That's the way they 'like' it
The 'likes' and 'dislikes' of Indian youth are as tough to predict as the English weather, or if you please, the next Facebook status message, Aasheesh Sharma reports.Updated: Feb 08, 2012 01:52 IST
The 'likes' and 'dislikes' of Indian youth are as tough to predict as the English weather, or if you please, the next Facebook status message. They can look up to Kalam's intellect one instance and drool over Katrina's curves the next. The youth of the nation embodies all the contradictions and chaos that characterise contemporary India.
Consider the pecking order in the HT- MaRS Youth Survey 2012. Best living Indian role models? Shah Rukh, APJ Abdul Kalam, Sachin Tendulkar. Most popular global role model? Ahem, a certain Barack Hussein Obama. The American president's views on outsourcing notwithstanding, he continues to find favour with 28% respondents. And where does he get the biggest thumbs up from? Kolkata, perceived by many to be the last retreat of India's Left-leaning youth, or whatever is left of the species.
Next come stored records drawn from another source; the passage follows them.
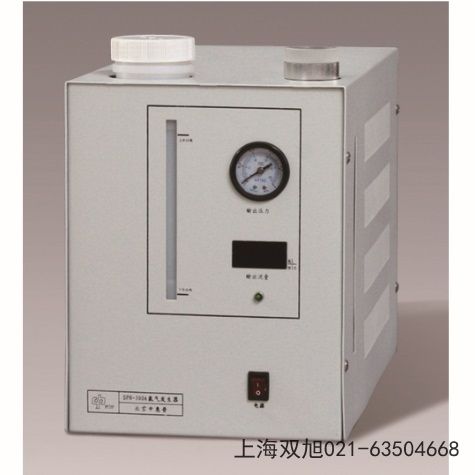 SPH-200高純度氫氣發生器青海省海北進口替代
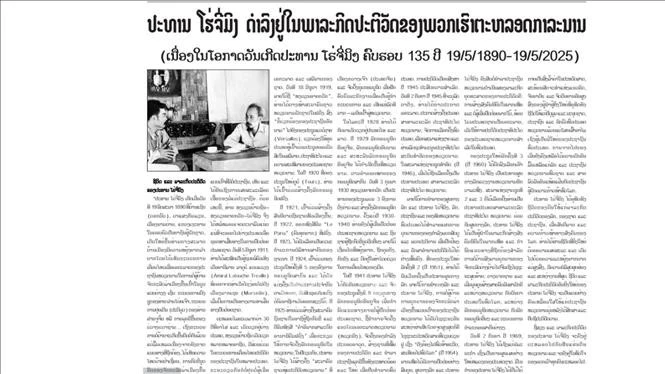 Pathet Lao newspaper runs an editorial highlighting the life and career of President Ho Chi Minh. Photo: VNA
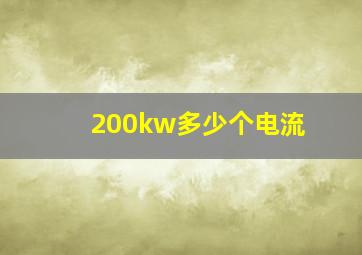 200kw多少个电流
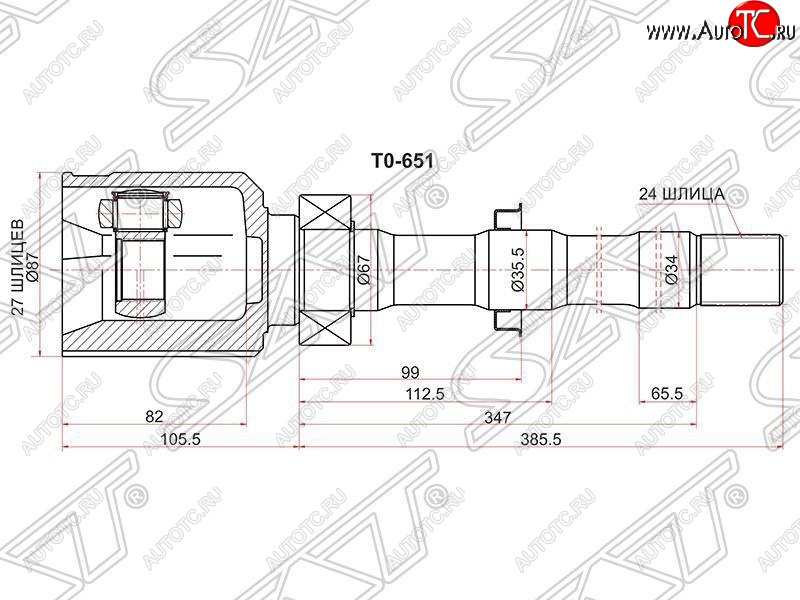 3 999 р. ШРУС SAT (внутренний, правый, 27*24*35.5)  Lexus NX200T  Z10 (2014-2017), Toyota Alphard  H20 (2008-2015), Toyota Estima  AHR20,XR50 (2006-2008), Toyota RAV4 ( XA305,  XA30) (2005-2013), Toyota Vellfire (2008-2015)  с доставкой в г. Набережные‑Челны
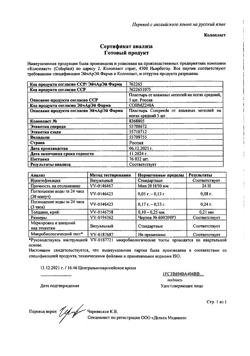 25927-Сертификат Compeed пластырь от влажных мозолей средний, 5 шт-3
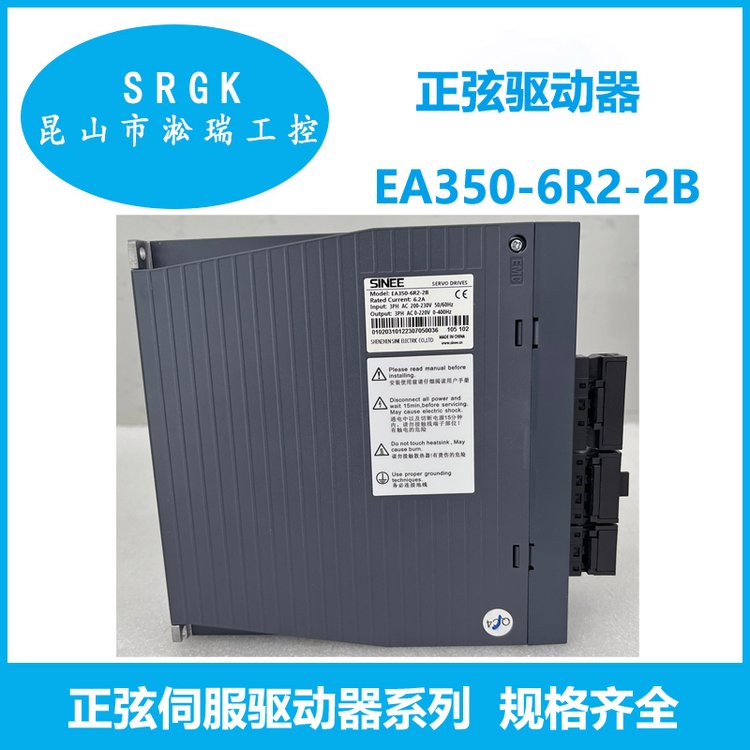 SINEE正弦EA350-6R2-2B伺服驱动器淞瑞工控精选商家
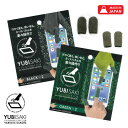 スマホ 対応 指サック かわいい おしゃれ 手袋 YUBISAKI 2パックセット ブラック/グリーン BLACK GREEN 温活 グッズ タブレット メンズ レディース スギタ 手あれ 指先荒れ lal filo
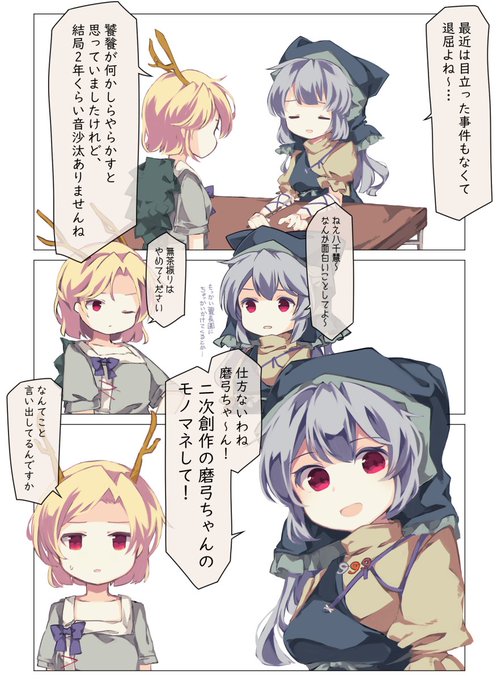 仲良し畜生界。 
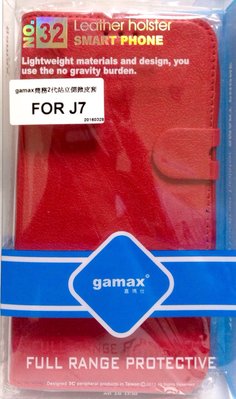 庫存 gamax 三星 j7 二代荔枝紋 皮套 紅色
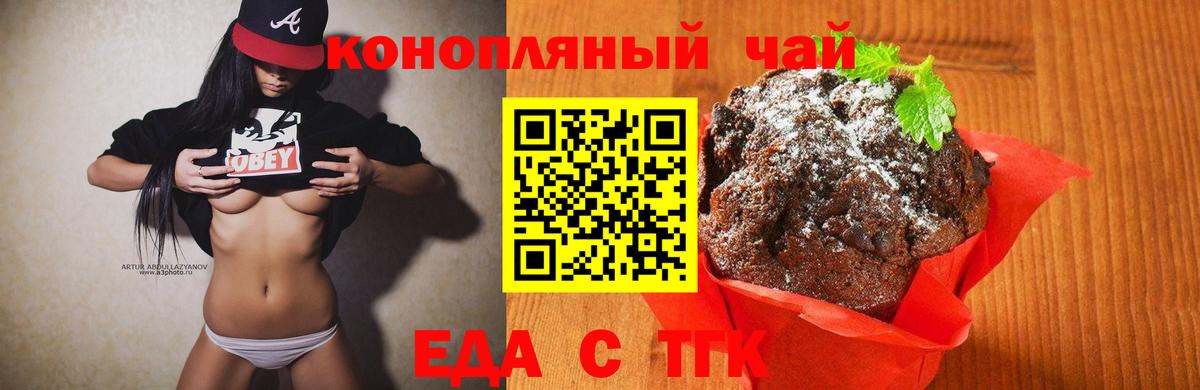 Нарткала  Cannafood марихуана  Вход с VPN 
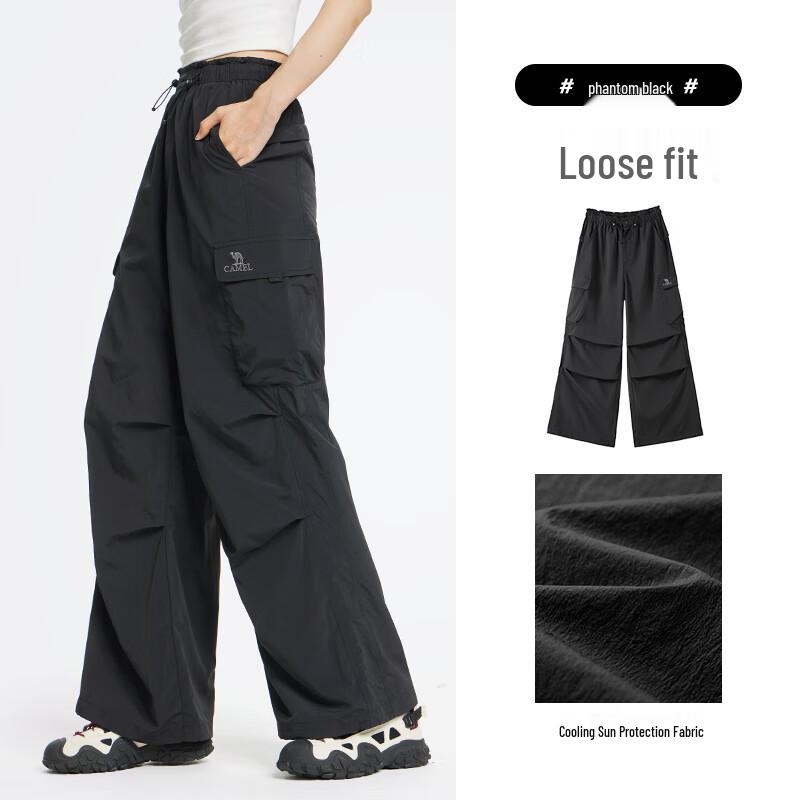 CAMEL Unisex Spring Wide-Leg Cargo Parachute Pants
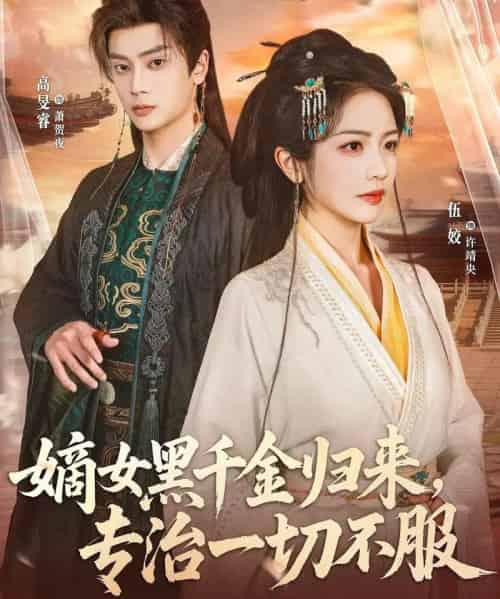 嫡女黑千金归来,专治一切不服(60集全)高旻睿&伍姣-紫橙资源网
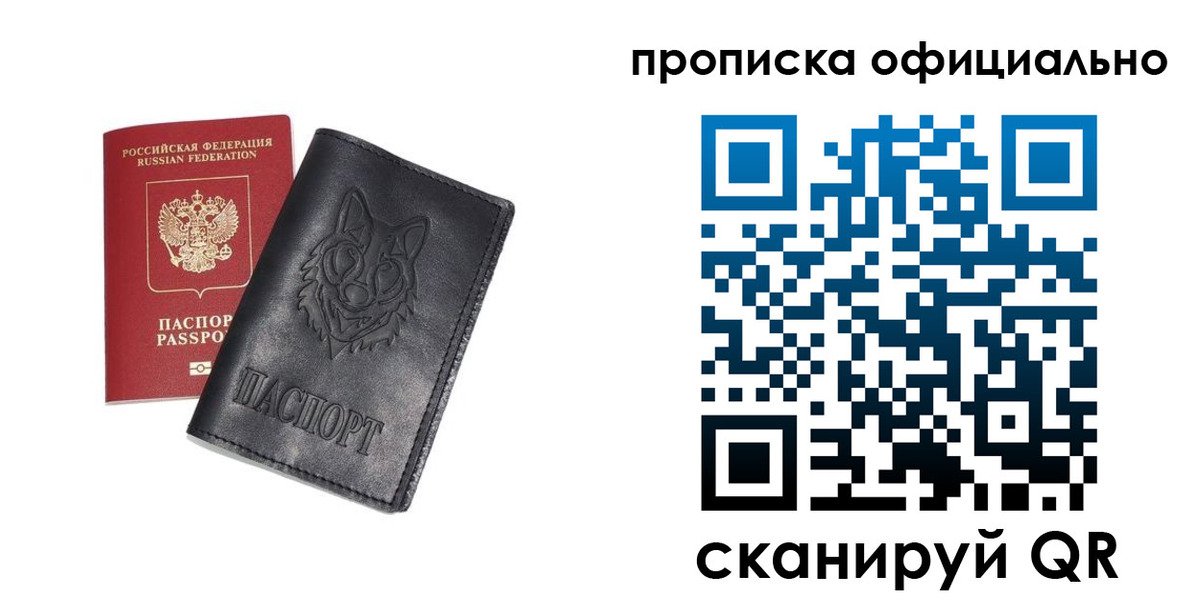 прописка гарантия в Бийске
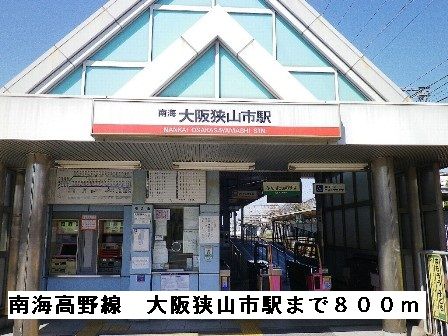 その他　南海高野線大阪狭山市駅（その他）まで800m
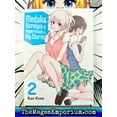 thumbnail image 2 of Medaka Kuroiwa is Impervious to My Charms: Medaka Kuroiwa Is Impervious to My Charms 2 (Series #2) (Paperback), 2 of 3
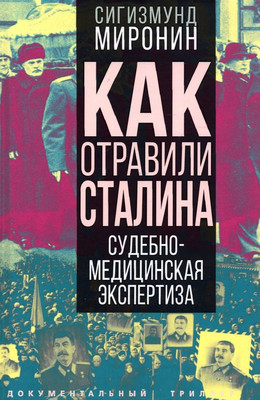 

Книга, Как отравили Сталина. Судебно-медицинская экспертиза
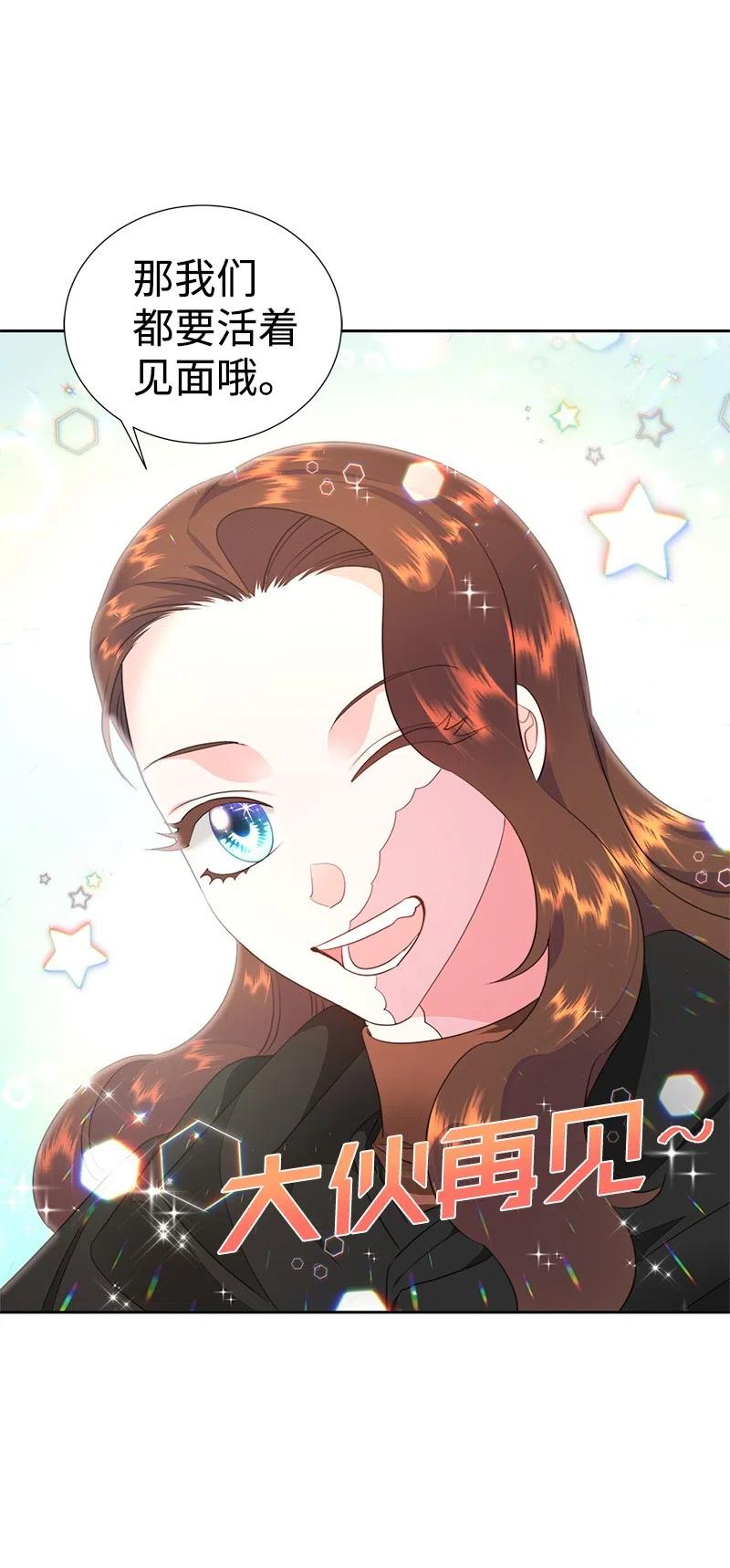 47 公爵小姐被盯上了(1/2)-第47话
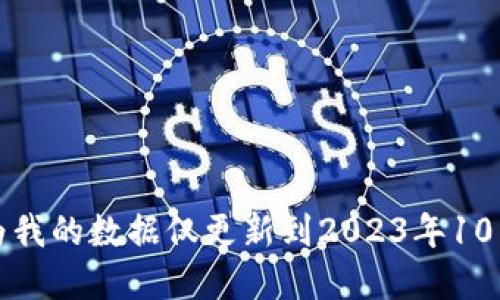 抱歉，无法提供最新的加密货币价格，因为我的数据仅更新到2023年10月。请查看相关金融网站以获取最新信息。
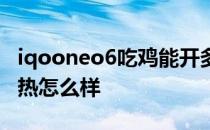 iqooneo6吃鸡能开多少帧 iqooneo6游戏散热怎么样 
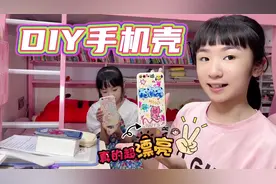 漩漩姐妹DIY自绘手机壳，成品太好看了，太喜欢了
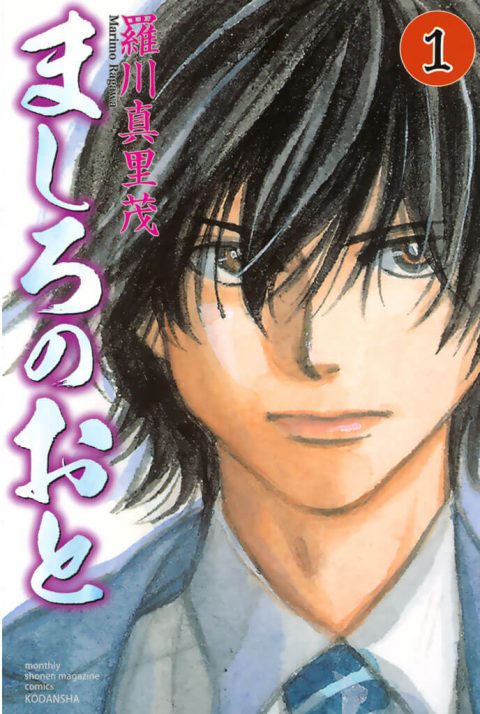 心が震えるおすすめの音楽漫画10選 クラシック ジャズ 合唱 三味線まで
Social scientist Shiv Visvanathan isn't surprised. Obama is placed to capture the middle ground, he says. "He is a strange amalgamation of the left and the right. I expect him to top most popularity lists, with the innovators. The president of the US gets the most sound bites. Obama's a winner by default."
Survey sample size | Sexiest man alive | Sexiest woman alive | Vox pop
In the 1980s, Ronald Reagan was referred to as the Teflon President since none of the muck surrounding him stuck. A few desi role models appear to have developed similar powers. Whether it is unkind critics or angry fans, our indefatigable 'youth' icons continue to hold sway.
The team's fizz may have fizzled out Down Under, but the wait for the hundredth hundred didn't dent the appeal of Sachin Ramesh Tendulkar. Ask former cricketer Atul Wassan why Sachin continues to be among the top 3 Indian role models for the second year running and he says, "Coming from a middle class background, he has achieved everything that Indian youth aspire for: the respect of rivals, material riches and the tag of a world-beater. His rise from underdog to top dog is the stuff middle class dreams are made off."
Shamsul Islam, associate professor of political science with Delhi University's Satyawati College, who has been involved in street theatre since the 1970s, says that all three top role models have left a big impact on mass media. "Shah Rukh, Sachin and Kalam are the media's darlings as they have a mind of their own and are not shy of speaking it. These are the kind of icons today's youngsters, hooked to social networking sites, identify with."
Salman Khan, often referred to as our own James Dean, Bollywood's latest hit machine, was voted sexiest man alive ahead of Rahul Gandhi, Hrithik Roshan, John Abraham and Johnny Depp.
So, in the same week President Pratibha Patil was announcing that her role models were Indian women who worked in factories and farms - Katrina, voted the sexiest woman - was working the box office shaking her booty in Chikni Chameli.
If you frown upon Sallu's penchant for discarding his shirt, think again. Actor, lyricist and writer Piyush Mishra says Salman and Katrina have the X-factor. "The intelligentsia is overrated. You may debate over acting skills, but you can't argue against mass appeal. I am a big fan of Katrina's body of work. Whether it is Zindagi Na Milegi Dobara or Agneepath, she delivers what is expected of her. "
Rashmi Bansal, the bestselling author of Stay Hungry Stay Foolish and the editor-publisher of youth magazine JAM, says the movie Shah Rukh made this year was below standard. "For me, Aamir is a bigger icon for the youth."